The job requires knowing a lot about all sorts of things. “Pseudoscience and the paranormal can present in all sorts of ways. Most of the time I have an idea what they’re talking about but sometimes they’ll ask a question about some obscure cult, or a multi-level marketing venture.”

The issues have changed over the years, she says. The original focus was on psychics, UFOs and astrology, with the occasional taniwha thrown in.

“We’ve shifted more and more into questions of what’s the potential harm of, say, an alternative medicine. While there is much we can laugh at, some things make you very sober, such as the Liam Williams-Holloway case. In addition to the wee boy dying, the fallout of this was that oncologists started getting parents asking about other cures for their child’s cancer. It actually increased interest in these claimed cures and made it a lot harder for the doctors.”

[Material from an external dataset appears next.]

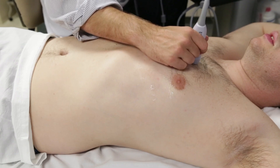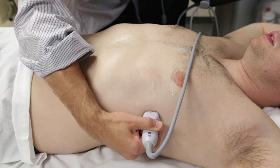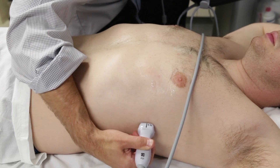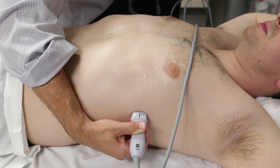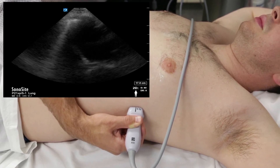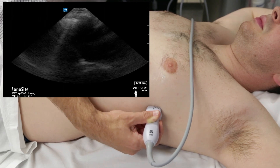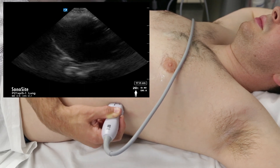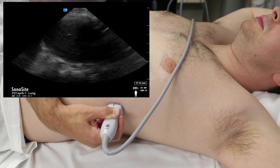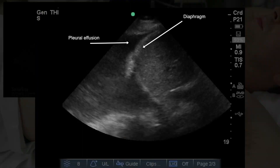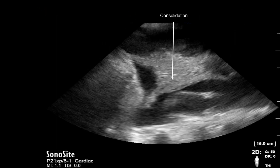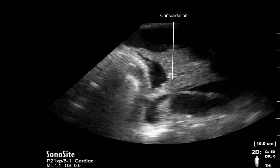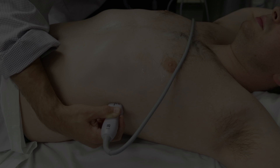For this demonstration, we will move to the posterolateral view next. To obtain this view, the clinician should drop his hand to the bedsheet so that the probe is on the lateral posterior portion of the chest. The probe marker remains cephalad, with the ultrasound beam angled upwards towards the sky. This allows for additional imaging of the posterior diaphragm and identification of pleural fluid. You may also move up or down one or two rib spaces until you identify the diaphragm. This view also provides the ability to identify areas of consolidation or hepatization of the lung. Seen here is an example of a simple pleural effusion with an anechoic space of fluid, and consolidation suggesting atelectasis or pneumonia.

It was interesting, a few years later, to see the reaction to a Pacific Island family charged with manslaughter over their 14-year-old son’s death. “He decided to remove himself from the cancer treatment. They were then put through the courts. The only differences I can see with what they were doing, and Liam’s parents, is that this was a 14-year-old, who was able to make some form of informed decision on his own treatment. And they were doing it on religious grounds. We seem to have a lot less tolerance for that, oddly enough, than we do for people who are trying alternative health.”

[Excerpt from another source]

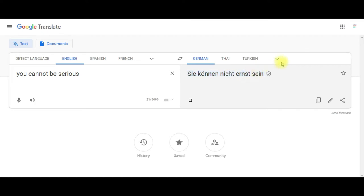Sie können nicht ernst sein. Nun, nun, bin ich seriös.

Another “lowlight” was the false memory fad of the 90s, with its offshoot claims of Satanic ritual abuse and organised abuse of young children.

“We knew it was coming; we’d seen it first in the US. I predicted we’d have something similar within six months and the Peter Ellis case broke several months afterwards.”

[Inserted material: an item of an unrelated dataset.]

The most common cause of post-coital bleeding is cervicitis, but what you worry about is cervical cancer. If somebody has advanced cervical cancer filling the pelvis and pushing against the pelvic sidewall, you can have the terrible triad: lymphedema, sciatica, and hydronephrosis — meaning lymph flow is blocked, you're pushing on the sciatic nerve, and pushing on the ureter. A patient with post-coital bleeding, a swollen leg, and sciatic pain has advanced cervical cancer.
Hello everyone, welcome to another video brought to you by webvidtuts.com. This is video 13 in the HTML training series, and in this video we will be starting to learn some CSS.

The decision to donate funds from the Skeptics to Ellis’s defence resulted in at least one member resigning, she remembers. “This step was taken not because we all felt implicitly he was innocent, but that there were sufficient questions which should have been raised and had not been. We felt we needed to take a stand. I wrote an article for the NZ Skeptic about why we were supporting a convicted child abuser, explaining the background. As the saying goes, ‘for evil to succeed requires only that good people do nothing’. For people to be exploited by psychics or the latest would-be cancer cure, all it needs is for people not to ask ‘where is the evidence?'”

The Skeptics are not here to castigate Granny for reading tea leaves, Hyde says. “But if a psychic bounces up on national TV, talking about a missing child case, and promotes their two-for-one ticket offer for their upcoming tour – you have to point out that people are being exploited.”

The future looks good for the Skeptics, she unhesitatingly predicts. “There’s a whole host of bloggers out there, and podcasts and the like, that are pulling in people and ideas. I think this can work really well with our more formal group. We are useful because we have established communication channels and long-term relationships with the media, as well as a small fighting fund. And the informal groups are great because they provide social connections, enthusiasm and new blood. Which,” she says, “is one of the reasons why I’m looking forward to working with Gold; he’s got all that.”

And, sadly, there will always be a need for skeptics.

“It can be frustrating, but you just keep boxing on. If you can get one person to stop and think about something, it’s worthwhile. That’s all we try to do. To get people to think.”